At the end of the day, a great way to prepare a dog for a baby is to start really paying attention to your dog’s body language, since every dog is different. Listening to the precursors of dangerous behavior will help you prevent it.
BIG DOGS AND BABIES
Introducing big dogs and babies is no different than introducing small dogs and babies. However, one thing that will be even more obvious is the importance of setting boundaries.
Boundaries can have a negative connotation, but they are good things. Good relationships are built on mutually trusted and established boundaries.
Boundaries go both ways. The dog can’t do whatever it wants with the baby (biting, licking, etc.), and the baby can’t do whatever it wants to the dog (getting in its face, pulling its fur and tail, etc.). When it comes to big dogs and babies, it is especially important to help the dog minimize body contact with the baby.
PREVENTION OF DOG BITING BABY INCIDENTS
While serious maulings and dog attacks do happen, they are actually quite rare. The majority of incidents are when communication gone wrong. Everything we’ve talked about is designed to help you prevent your dog from biting your baby, or prevent your dog from attacking your baby in any way.
When a dog bites a baby, something went wrong far before the bite happened. As behavior consultants, we tend to get called in after a problem has already occurred. We would rather prevent that problem from happening in the first place.
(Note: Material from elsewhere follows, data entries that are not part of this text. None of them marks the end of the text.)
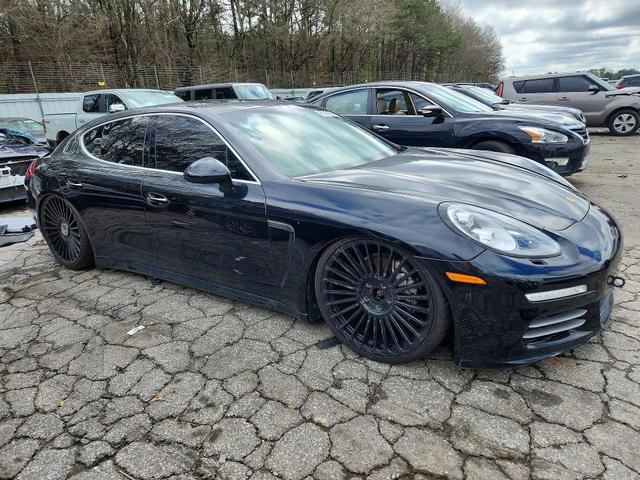 Porsche Panamera 3.0L 6 REAR WHEEL DRIVE - автомобили, коли, обяви за нови и употребявани 3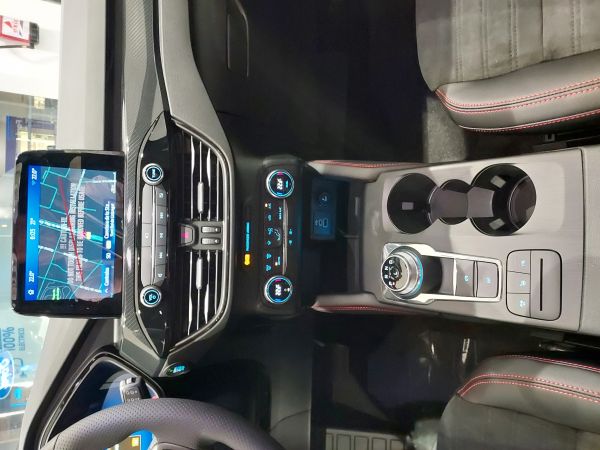 Ford Kuga ST-Line X 2.5 Duratec FHEV Auto 190cv nuevo Barcelona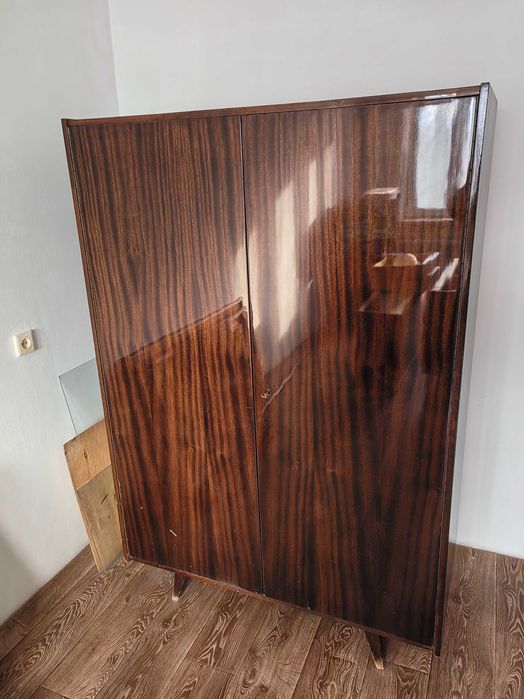 Отдам два шкафа плательных двустворчатых.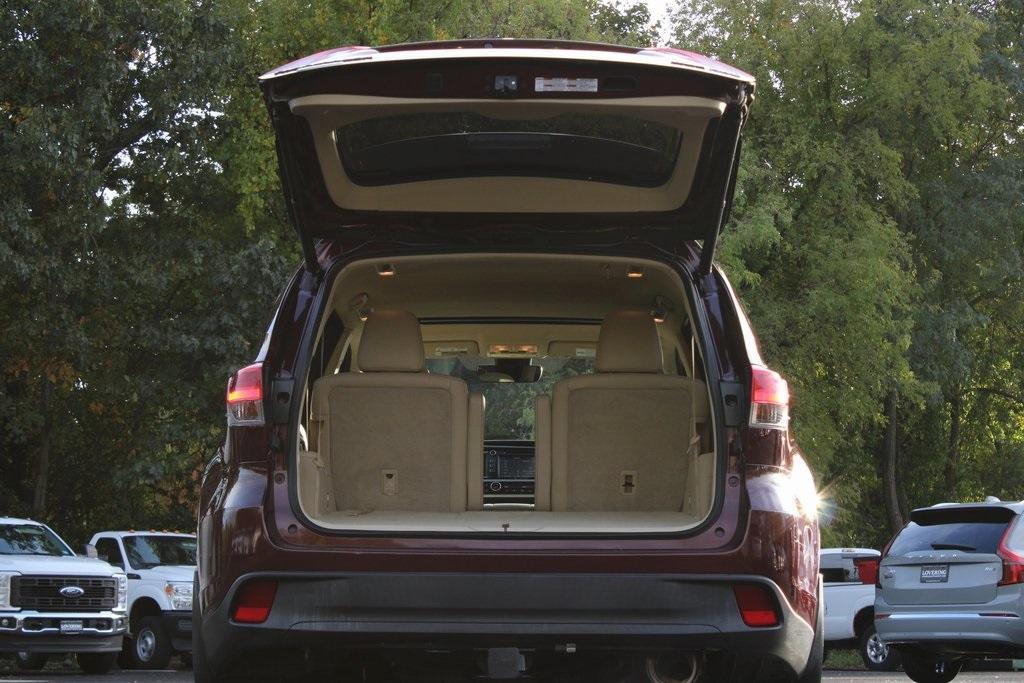 used 2017 Toyota Highlander car, priced at $19,477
When it comes to dog training, what you don’t know can hurt. So, we hope that you’ve learned some great tips here. Because every dog and every family is unique, we highly recommend attending a class or having a personal consultation. This will make sure you and your family are well prepared for a great dog and baby introduction.
BABY AND PETS
Everything we’ve spoken about with dogs and babies applies to babies and pets in general. Cats and babies, horses and babies, any pets and babies… these principles of planning ahead, having patience, supervising carefully, and tailoring your approach to meet the needs of individual personalities are critical. Our classes and personal consultations can help you prepare for difficult encounters and to build happy and safe relationships that will last. Stay tuned for future blogs with additional specific tips!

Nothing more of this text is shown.